Pilbara Climate Network says ‘No’ to Woodside’s seismic testing

August 27, 2023
A protest against Woodside's seismic testing. Photo: Pilbara Climate Network

Traditional Yindjibarndi Elders and others criticised Woodside’s plan to conduct offshore seismic testing for its controversial Scarborough Gas project, at a demonstration in Boorloo/Perth on August 23.

Tootsie Daniel, a Yindjibarndi Elder and member of Murujuga Aboriginal Corporation Circle of Elders, said: “Please, whoever you are, don’t blast anything, otherwise you’re going to have some sort of bad luck in your life. We believe that.

“Just listen to the custodians of the land. Respect the country. Don’t go there. Don’t touch it. We say that, but people just go straight past us.”

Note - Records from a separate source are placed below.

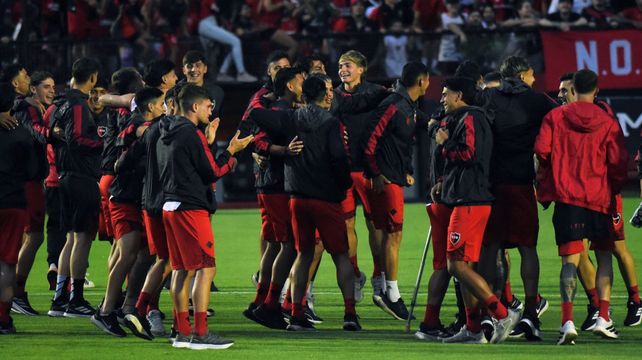 Los jugadores de Newells se prendieron a los cánticos de los hinchas en el banderazo.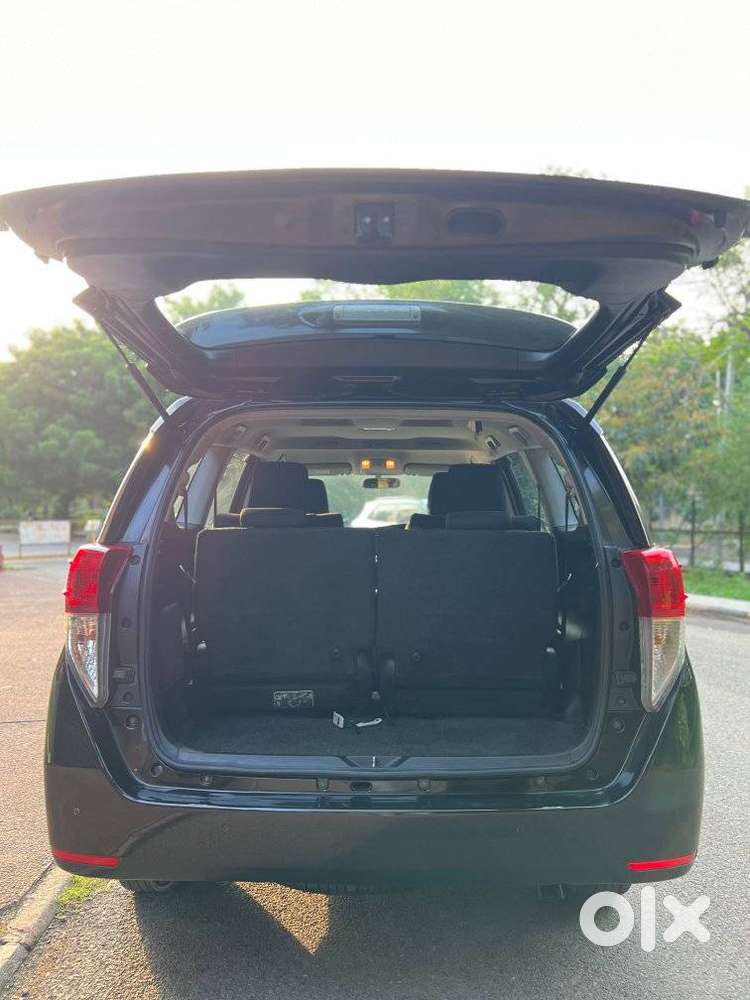 Toyota Innova Crysta 2.4 Gx Limited Edition 7 Str, 2022, Diesel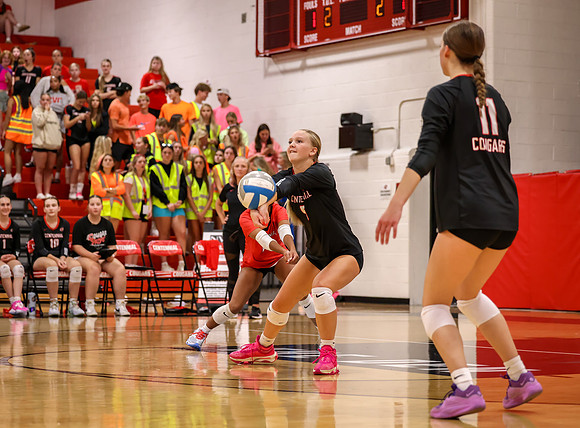 Centennial vs Duluth East Varsity Volleyball 220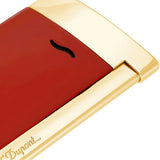 St Dupont Slim 7 Laccato dettaglio lacca rossa e finiture oro con logo S.T. Dupont inciso, vista ravvicinata 027707
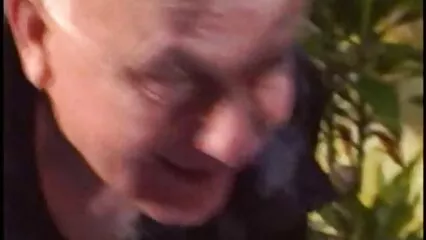 Bruna con il culo stretto allarga video porno tra giovani il culo per un caldo anale.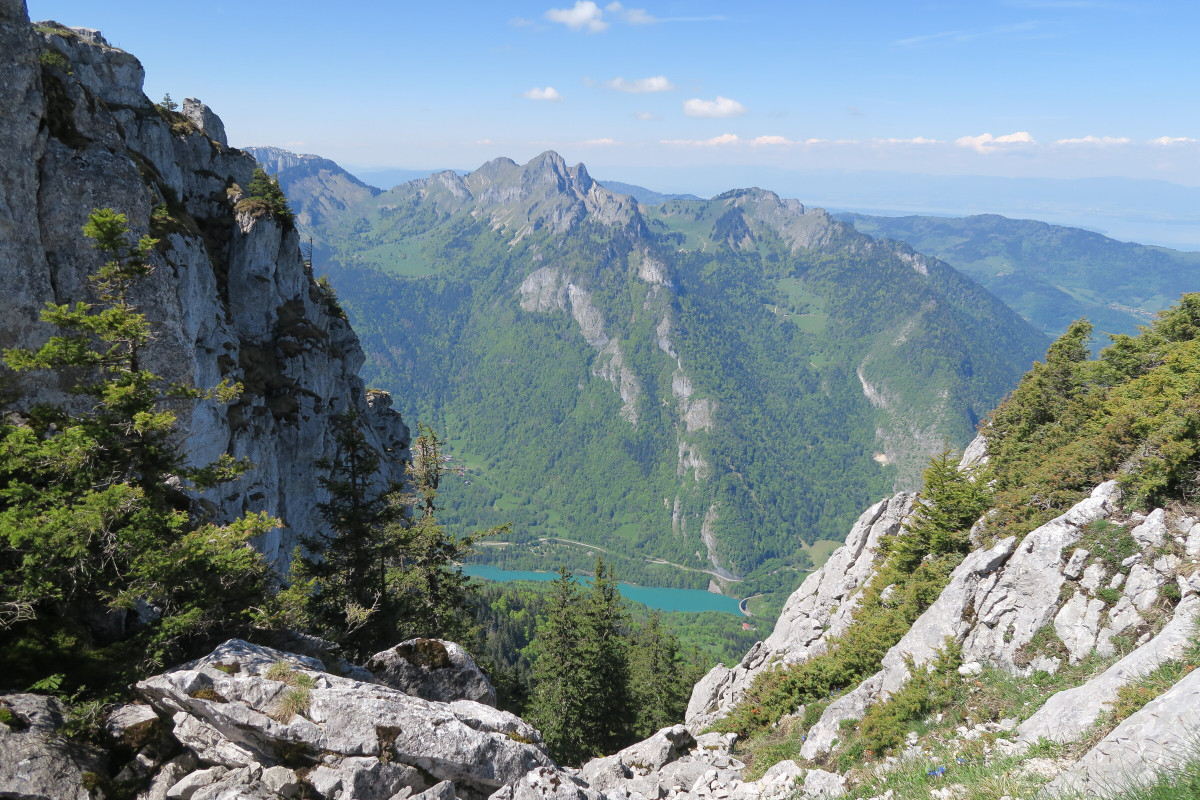 Hiking to Mont Ouzon_Le Biot - © Victor Demilly / Vallée d'Aulps Tourisme Hiking to Mont Ouzon_Le Biot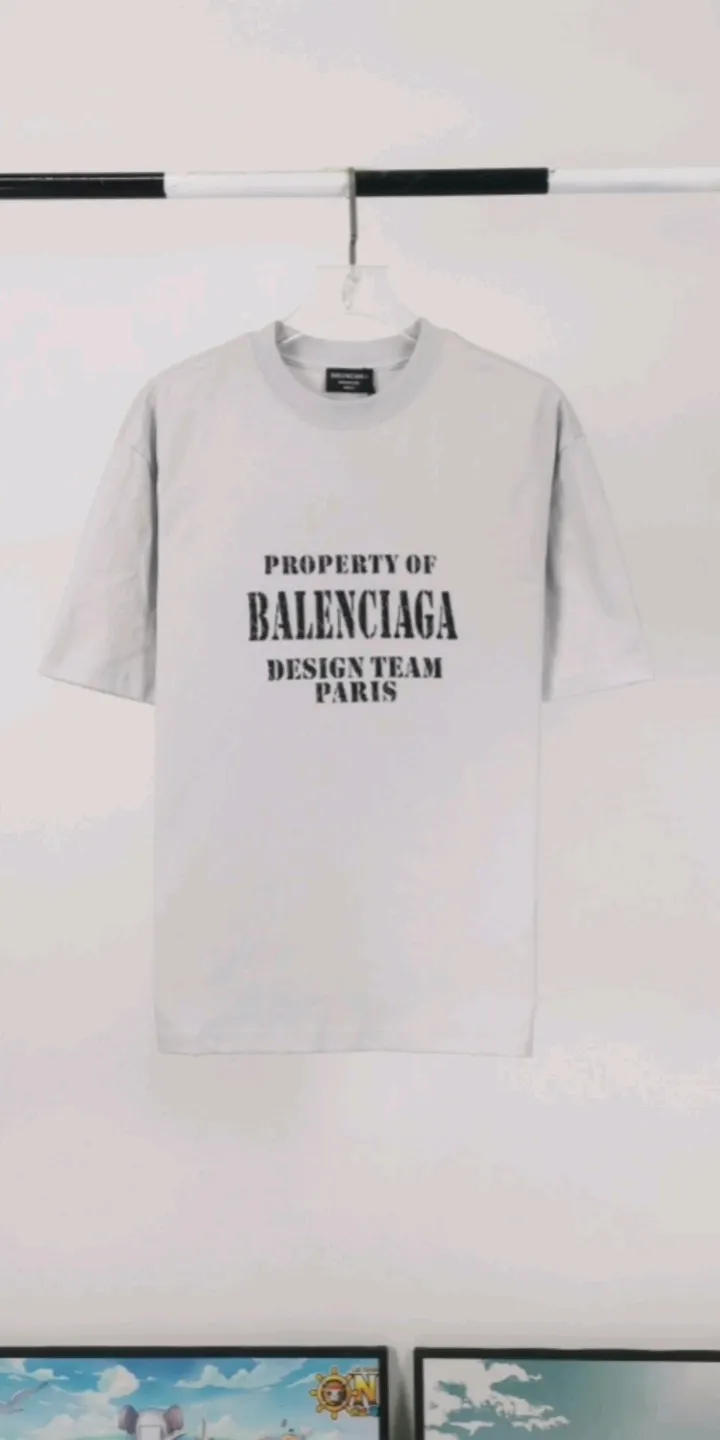 Real shot of the video————The top tested version BALENCIAGA’s new design team prints the same style short-sleeved T-shirts for male and female couples stars. It uses high-coverage screen water slurry technology, and is printed after washing. Ready-made garments are washed, fried snowflakes and sanded. The scrap rate is very high. Full of craftsmanship. 32S 280g double-ply double yarn pure cotton fabric. Ready-made garments are shaped and washed! Full of drape. Accessories: Butter paper with logo, three-label synchronous official website Size: XS-L Color: High-grade gray P:280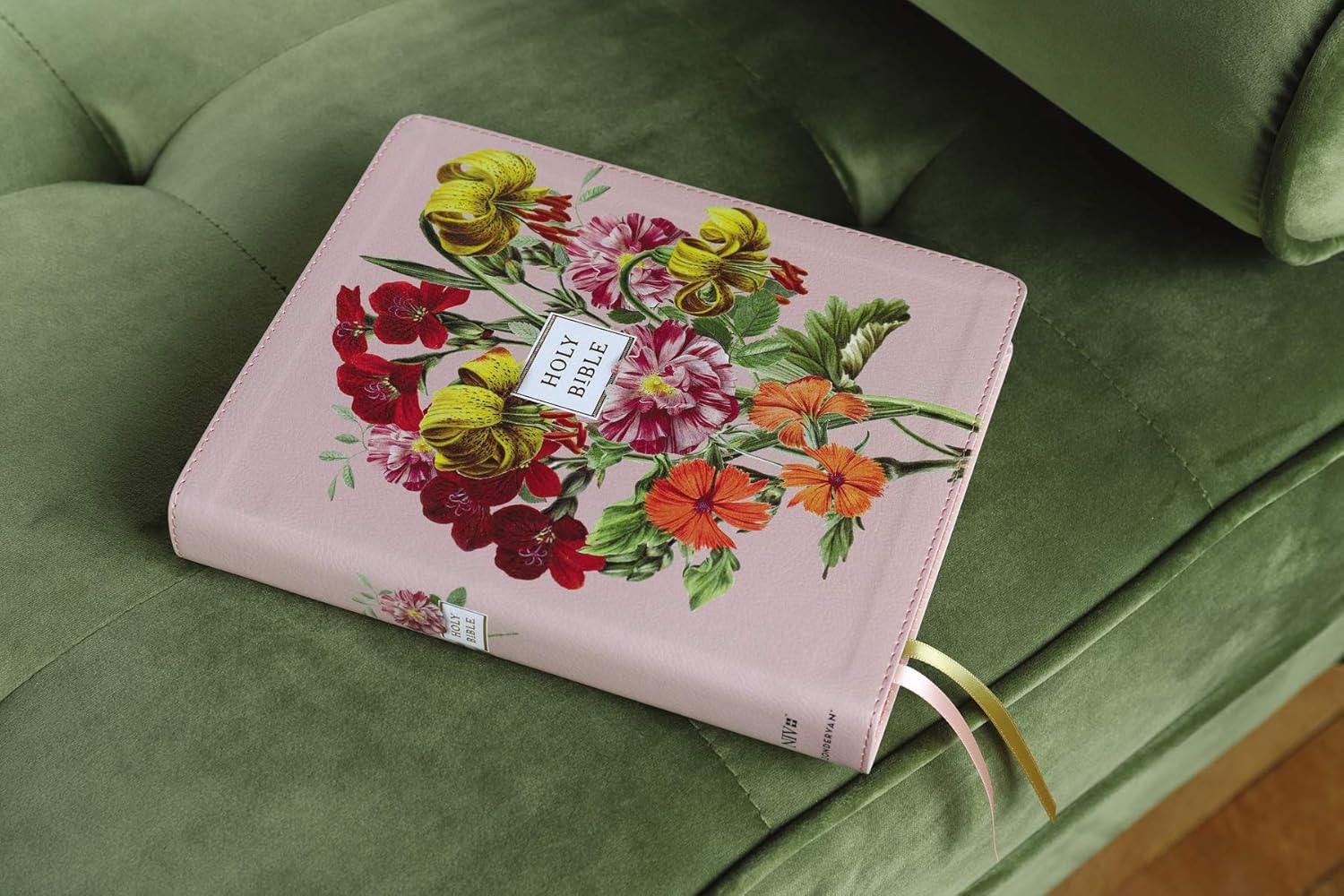 Artisan Collection Bible (NIV)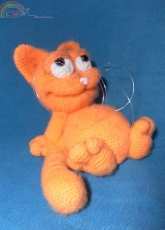 Crochet toy cat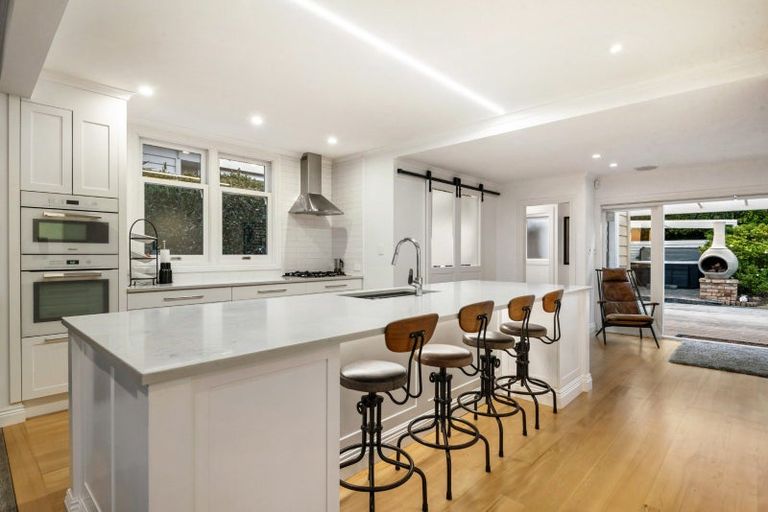 Photo of property in 74 Princes Street, Northcote Point, Auckland, 0627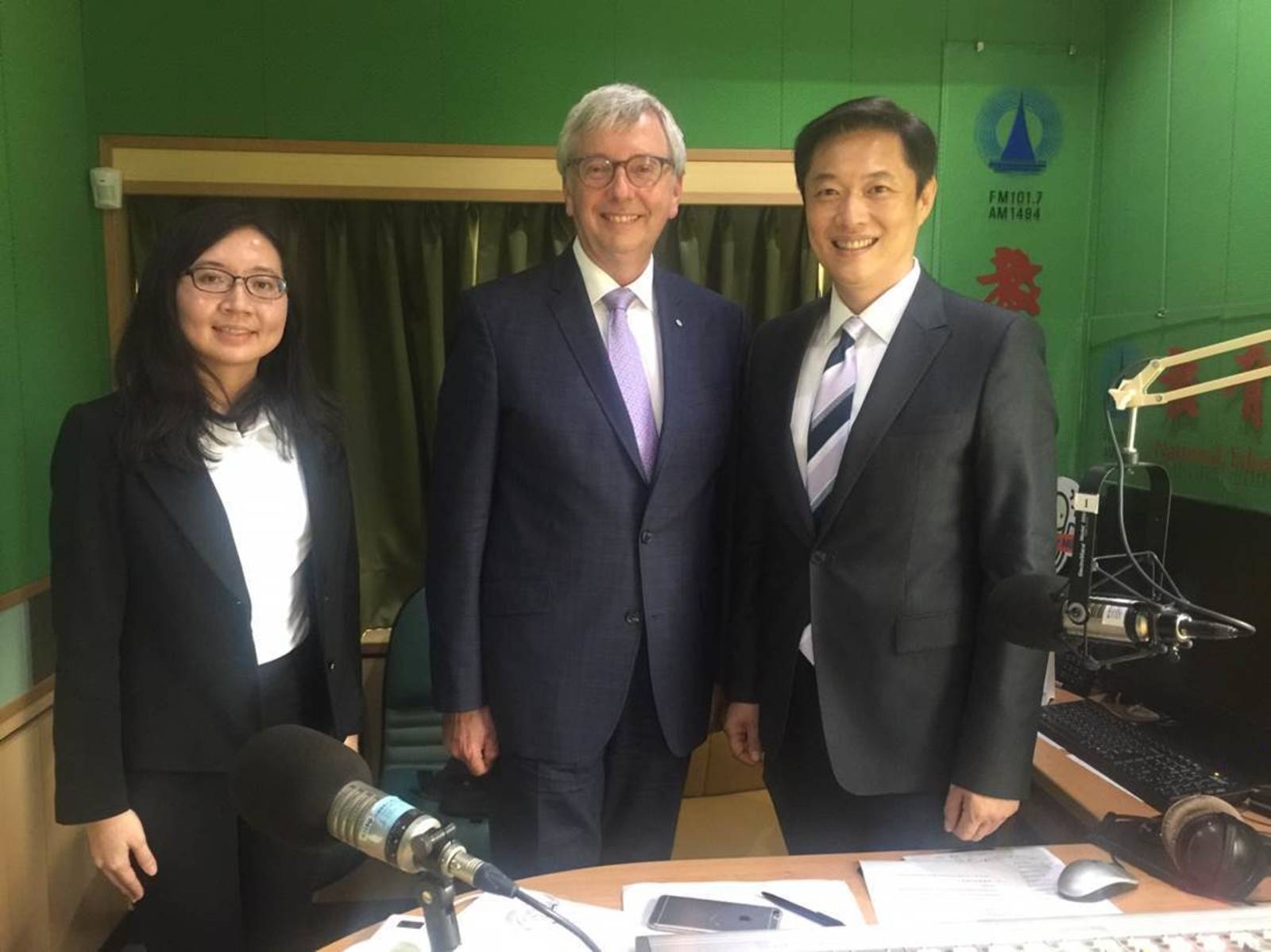 外賓參訪(訪賓:加拿大多倫多大學孟克全球事務學院院長、英國劍橋大學候任校長Dr.Stephen Toope.吳景容主事   )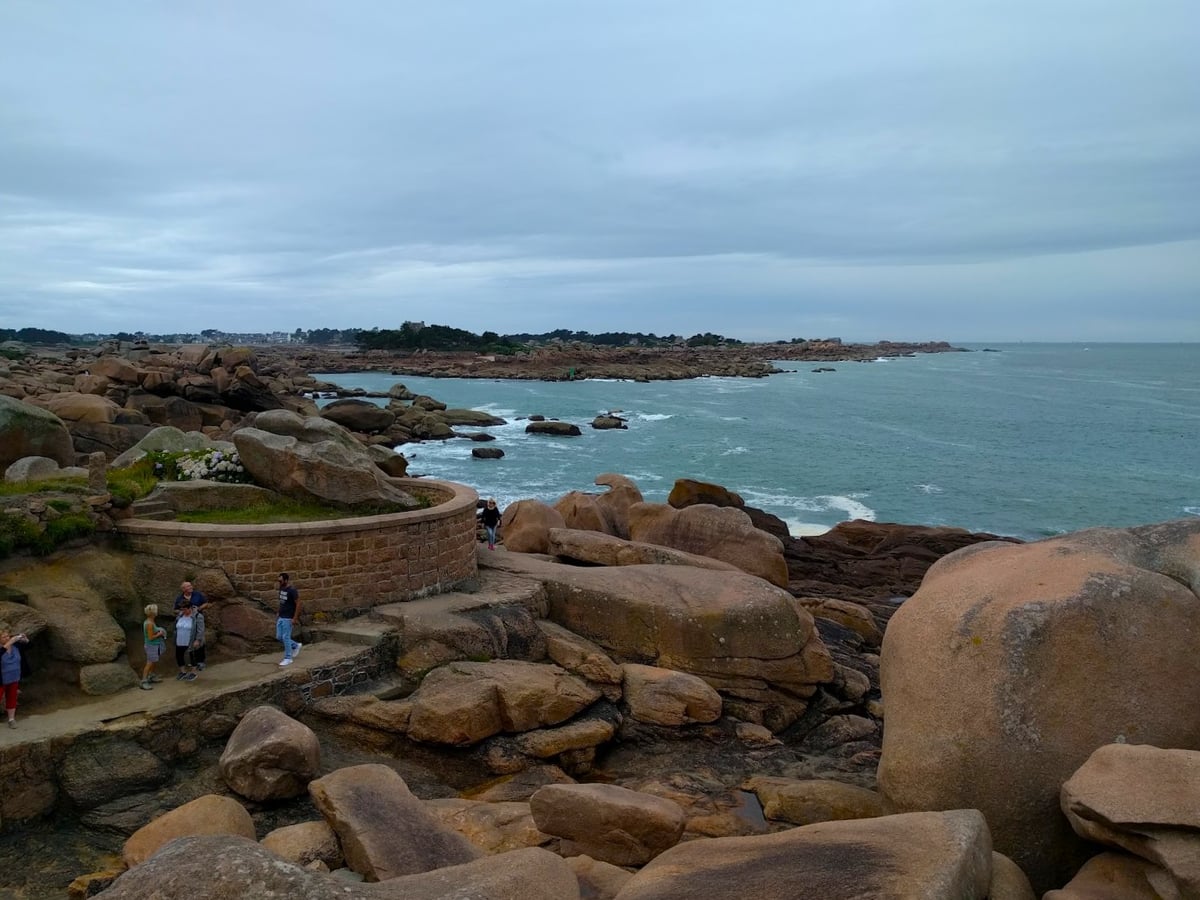 Paisaje, localidad, costa o monumento de Bretaña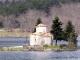Φενεός, Λίμνη Δόξα: Το εκκλησάκι του Αγίου Φανουρίου στο νησάκι μέσα στην τεχνητή λίμνη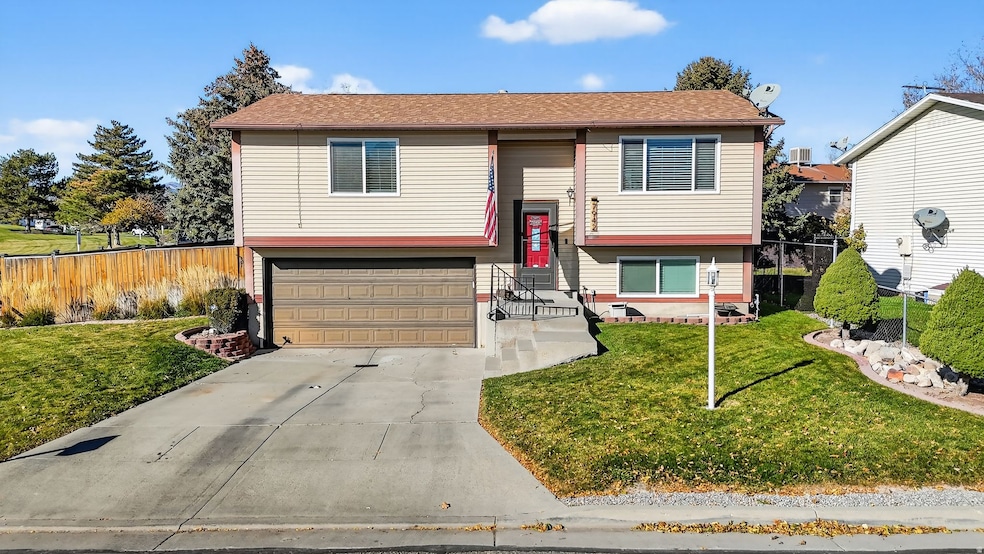 Move-in Ready 3bdrm 2bath home!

The newly-formed Pilbara Climate Network (PCN) organised the 25-person strong vigil as other protests were organised in Boorloo and Margaret River in south-western Western Australia.

Seismic testing involves blasting underwater sound cannons to identify gas deposits in the ocean floor. These sonar booms are among the loudest sounds made by human technology, and pose a major threat to nearby marine life.

Woodside intends to fire multiple sonars every minute for 80 days.

The National Offshore Petroleum Safety and Environmental Management Authority (NOPSEMA), the federal regulator for offshore exploration, gave Woodside the green light, but said it needs to carry out further consultation before testing begins.

Traditional Owner Mardudhunera woman Raelene Cooper has launched legal action to halt the seismic blasting. She is arguing that Woodside failed to consult her as a required stakeholder. The Environmental Defender’s Office (EDO) is arguing that NOPSEMA should not have granted approval before the consultations were undertaken.

EDO spokesperson Clare Lakewood told The Guardian that NOPSEMA gave approval on July 31 with the consultation condition, but less than a fortnight later Woodside said it was ready to start seismic blasting. It could not have done “meaningful, respectful and thorough consultation” in that short time.

Greenpeace said there are 54 threatened species, including the pygmy blue whale, which will be directly impacted by the blasting.

Rachel Rainey, a Karratha resident and PCN spokesperson, told the protest: “The Pilbara is home to a fantastic array of marine life, which is under enough stress as it is from climate change, ongoing industrial activities and the depletion in food sources.

“There is no need to test the boundaries of our local marine ecosystem’s resilience and risk total collapse.

“The Pilbara region could be a world leader in renewable energy. Instead, we’re allowing Woodside to forge ahead with plans to expand fossil fuel production in a time when we should be transitioning towards renewables as rapidly as possible.

“No new fossil fuel projects should be built, but particularly not projects like the Burrup Hub, that rely on endangering local marine life.”

Rainey said the PCN supports Cooper’s court action to stop Woodside’s seismic blasting. “Many in the Pilbara share her concerns for our precious marine life.”